### Given data
*-*-*

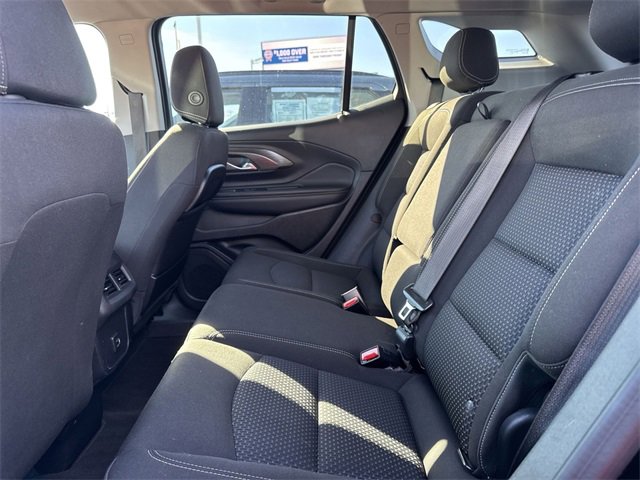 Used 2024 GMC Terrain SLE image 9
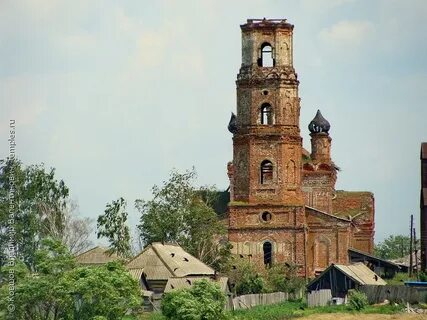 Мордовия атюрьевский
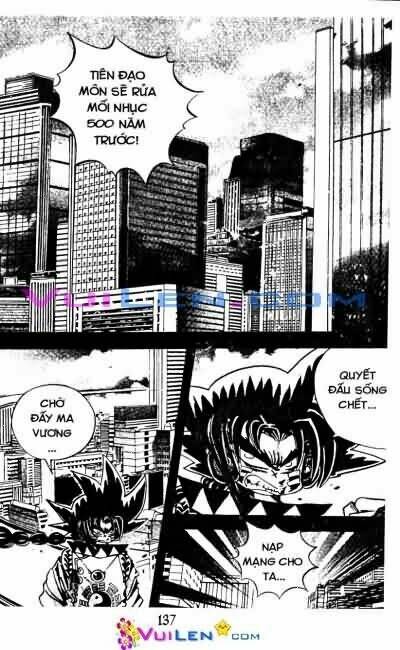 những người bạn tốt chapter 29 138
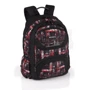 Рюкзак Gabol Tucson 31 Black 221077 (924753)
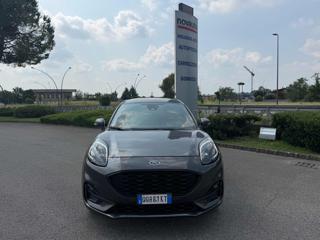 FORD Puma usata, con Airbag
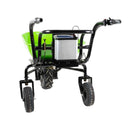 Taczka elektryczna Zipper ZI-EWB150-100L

*-*-*

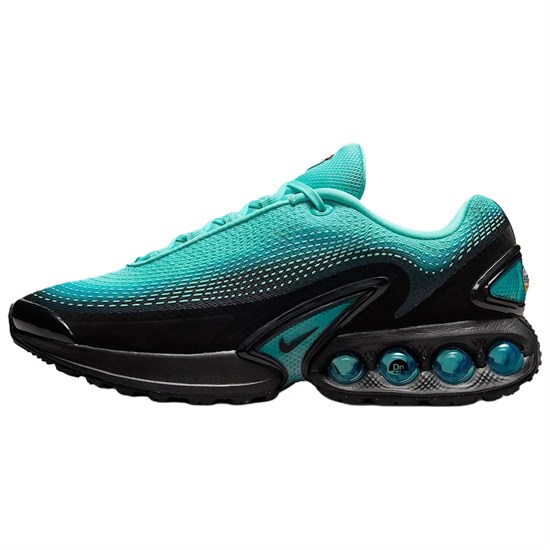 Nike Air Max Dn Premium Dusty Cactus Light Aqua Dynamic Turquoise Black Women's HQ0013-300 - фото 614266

*-*-*

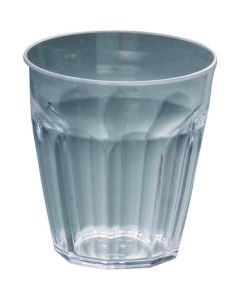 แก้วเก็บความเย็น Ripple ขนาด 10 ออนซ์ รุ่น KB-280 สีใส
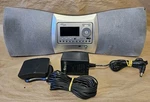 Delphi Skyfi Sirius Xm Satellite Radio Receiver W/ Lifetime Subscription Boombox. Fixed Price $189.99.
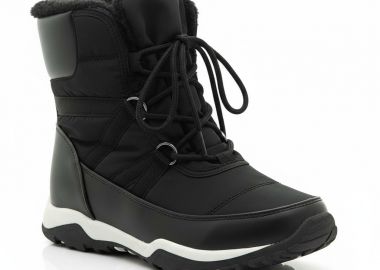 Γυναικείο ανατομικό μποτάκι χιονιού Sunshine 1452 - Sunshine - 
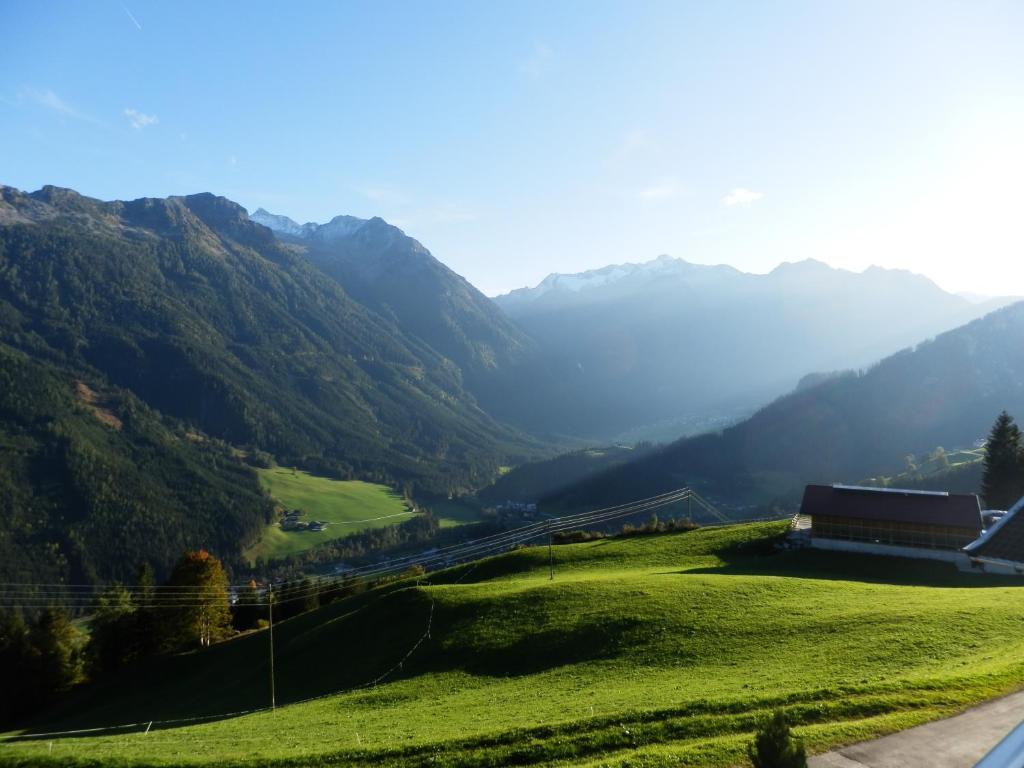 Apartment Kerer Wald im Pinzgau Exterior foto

*-*-*

### Work to complete
In the listing above, find the line containing "Γυναικείο ανατομικό μποτάκι". Output it and every line after it up to and including the line containing "Apartment Kerer Wald", exactly, but skip the pictures.

### Solution to this exercise
 Γυναικείο ανατομικό μποτάκι χιονιού Sunshine 1452 - Sunshine - 
 Apartment Kerer Wald im Pinzgau Exterior foto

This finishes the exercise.